The Forced Labor System’s Toll on Education and Health Care
The Turkmen government’s use of forced labor to harvest cotton is denying citizens access to essential services, including education and health care. Across the country, residents are reporting disruptions.
In each region, administrators have forced teachers to the cotton fields, leaving schools short on staff. In Dashoguz, Lebap and Mary regions, administrators force teachers to pick cotton two days each week and one Sunday each month. The administrators order teachers who remain in the school to teach courses for which they have no training and to teach groups of 60 or more students. Many students are simply not going to school. Instead of the scheduled 6 hours each day, many students are attending for 3-4 hours.
“During school hours our children are hanging around in the streets, playgrounds, markets. The school principal doesn’t even consider that children can get hurt, hit by a car, or involved in a crime. They should just make the harvest a holiday. What is the point of going to school if students are told in the morning that their teacher is in the field today?” said the mother of a 5th-grade student in Mary region.
A group of parents sent ATN the following message:
“Dear Teachers! Your place is in a school, not in a field. We trust you with our children. Give them lessons. Our children need knowledge!”
“Dear Deputy Minister of Education, free our teachers from picking cotton! Bring the teachers back to the schools!”

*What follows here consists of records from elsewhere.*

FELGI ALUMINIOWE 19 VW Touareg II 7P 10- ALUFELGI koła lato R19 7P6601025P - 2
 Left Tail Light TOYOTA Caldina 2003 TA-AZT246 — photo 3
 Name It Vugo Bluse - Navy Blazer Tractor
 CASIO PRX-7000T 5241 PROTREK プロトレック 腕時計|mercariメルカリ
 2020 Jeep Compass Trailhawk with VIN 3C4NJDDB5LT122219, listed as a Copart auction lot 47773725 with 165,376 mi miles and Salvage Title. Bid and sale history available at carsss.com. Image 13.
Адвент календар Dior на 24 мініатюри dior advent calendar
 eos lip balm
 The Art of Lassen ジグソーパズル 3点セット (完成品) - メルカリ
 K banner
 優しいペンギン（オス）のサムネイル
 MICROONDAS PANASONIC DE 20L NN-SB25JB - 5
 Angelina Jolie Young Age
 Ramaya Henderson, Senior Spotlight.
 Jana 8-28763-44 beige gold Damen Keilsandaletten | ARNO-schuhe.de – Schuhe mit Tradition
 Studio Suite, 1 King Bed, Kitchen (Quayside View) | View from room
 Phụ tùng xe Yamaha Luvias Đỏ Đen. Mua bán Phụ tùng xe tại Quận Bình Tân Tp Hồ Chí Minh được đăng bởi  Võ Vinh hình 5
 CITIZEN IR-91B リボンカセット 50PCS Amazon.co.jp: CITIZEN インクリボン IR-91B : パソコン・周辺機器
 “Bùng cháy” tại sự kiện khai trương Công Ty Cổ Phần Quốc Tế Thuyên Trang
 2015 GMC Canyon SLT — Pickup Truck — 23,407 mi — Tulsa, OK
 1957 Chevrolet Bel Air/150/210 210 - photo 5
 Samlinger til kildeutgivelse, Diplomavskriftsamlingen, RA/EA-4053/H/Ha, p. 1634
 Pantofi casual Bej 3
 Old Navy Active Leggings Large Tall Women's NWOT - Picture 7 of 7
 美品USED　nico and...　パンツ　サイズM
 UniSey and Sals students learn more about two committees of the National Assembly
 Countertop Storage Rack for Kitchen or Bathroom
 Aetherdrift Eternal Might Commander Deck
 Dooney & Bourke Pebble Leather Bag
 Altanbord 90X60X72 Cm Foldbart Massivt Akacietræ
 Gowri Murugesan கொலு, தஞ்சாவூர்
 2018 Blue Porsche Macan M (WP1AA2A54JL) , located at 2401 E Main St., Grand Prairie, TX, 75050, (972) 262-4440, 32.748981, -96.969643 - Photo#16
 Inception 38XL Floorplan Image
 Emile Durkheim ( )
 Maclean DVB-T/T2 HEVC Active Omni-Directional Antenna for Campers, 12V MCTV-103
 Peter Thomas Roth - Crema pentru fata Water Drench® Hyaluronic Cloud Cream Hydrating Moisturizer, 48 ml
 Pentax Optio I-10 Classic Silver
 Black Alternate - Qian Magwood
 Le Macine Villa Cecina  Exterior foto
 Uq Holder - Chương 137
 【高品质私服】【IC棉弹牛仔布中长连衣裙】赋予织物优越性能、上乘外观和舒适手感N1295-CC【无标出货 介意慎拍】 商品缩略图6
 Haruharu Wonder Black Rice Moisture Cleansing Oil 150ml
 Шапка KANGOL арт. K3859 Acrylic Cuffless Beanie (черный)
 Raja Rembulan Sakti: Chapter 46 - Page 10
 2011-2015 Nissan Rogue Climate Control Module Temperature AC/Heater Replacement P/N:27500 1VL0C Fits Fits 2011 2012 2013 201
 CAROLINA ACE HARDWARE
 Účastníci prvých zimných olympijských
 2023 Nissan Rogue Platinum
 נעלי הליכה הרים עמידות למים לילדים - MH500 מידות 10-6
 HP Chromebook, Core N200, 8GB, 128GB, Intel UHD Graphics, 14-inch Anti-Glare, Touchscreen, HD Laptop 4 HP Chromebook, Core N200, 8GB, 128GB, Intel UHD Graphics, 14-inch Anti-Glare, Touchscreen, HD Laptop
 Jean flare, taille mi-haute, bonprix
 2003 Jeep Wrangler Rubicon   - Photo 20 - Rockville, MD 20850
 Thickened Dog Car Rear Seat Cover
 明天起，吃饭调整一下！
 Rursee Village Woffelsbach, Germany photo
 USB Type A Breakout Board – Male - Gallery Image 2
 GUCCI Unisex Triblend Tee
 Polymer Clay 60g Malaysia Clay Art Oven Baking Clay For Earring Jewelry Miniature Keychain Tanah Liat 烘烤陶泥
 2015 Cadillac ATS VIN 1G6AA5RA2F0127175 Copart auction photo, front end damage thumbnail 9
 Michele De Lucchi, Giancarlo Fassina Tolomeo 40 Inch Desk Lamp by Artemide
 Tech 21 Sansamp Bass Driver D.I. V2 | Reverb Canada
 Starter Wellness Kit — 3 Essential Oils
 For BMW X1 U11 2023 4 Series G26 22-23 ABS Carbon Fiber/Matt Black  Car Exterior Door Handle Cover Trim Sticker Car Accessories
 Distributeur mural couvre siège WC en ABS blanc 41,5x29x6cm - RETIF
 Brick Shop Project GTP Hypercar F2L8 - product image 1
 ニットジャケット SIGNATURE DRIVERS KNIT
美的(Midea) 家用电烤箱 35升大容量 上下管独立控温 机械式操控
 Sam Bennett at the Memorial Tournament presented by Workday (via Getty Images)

The administrators of hospitals and other health-care facilities are also forcing employees to pick cotton. In Lebap region, hospitals have the bare minimum number of staff to be open, and many of the employees left at the hospital are not authorized to receive patients. As a result, patients are waiting in long lines for attention.
Administrators of public utilities were among the first to send employees to this year’s cotton harvest. As a result, many cities have overflowing garbage containers lining the streets, and municipalities are not responding to calls for assistance. In one case, a pipe burst in an apartment building, but the municipality responded that “everyone is picking cotton.”